Fireworks are synonymous with celebrating the turn of the year, particularly the display at the London Eye in London. Since 2003 – and an initial audience of 100,000 – the event has grown in popularity, with a massive 500,000 people watching the 2013 to 2014 display.
That being said, how many of those 500,000 people (or the 100,000 the display was limited to this time around) will capture decent shots of the action?
The difficulty comes in the sheer volume of factors that need to be set up properly – from exposure time to get the right focus in the most testing of lighting conditions.
So if you woke up on New Years Day and realise the snaps you had taken of whatever fireworks you might have enjoyed did not come out quite right, have a look at some of these wonderful time-lapse videos we have discovered for this very situation.

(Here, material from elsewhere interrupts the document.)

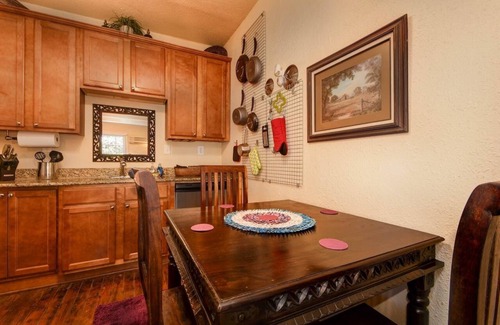 Arsenal Hotel | The Madison Riverwalk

This video from Rob Whitworth is a little more than just fireworks (which is surprising, considering it was shot at the International Fireworks Competition in 2013. That being said, it is a superb edit that captures the beauty of exploding gunpowder.
Danang International Fireworks Competition 2013 from Rob Whitworth on Vimeo.
For short bursts of as many fireworks displays as you can imagine, check out this video. Just a quick watch highlights the huge challenge that changing lighting conditions can present went shooting fireworks, particularly in a city.
Staying with America, check the 2006 Thunder Over Louisville display. It was (and still is) the largest pyrotechnics display in North America – which is some claim to fame. Cut down from a 30-minute show into a six-minute time-lapse, the breath-taking images atop Kentucky’s tallest building – the Aegon Center – do all the talking.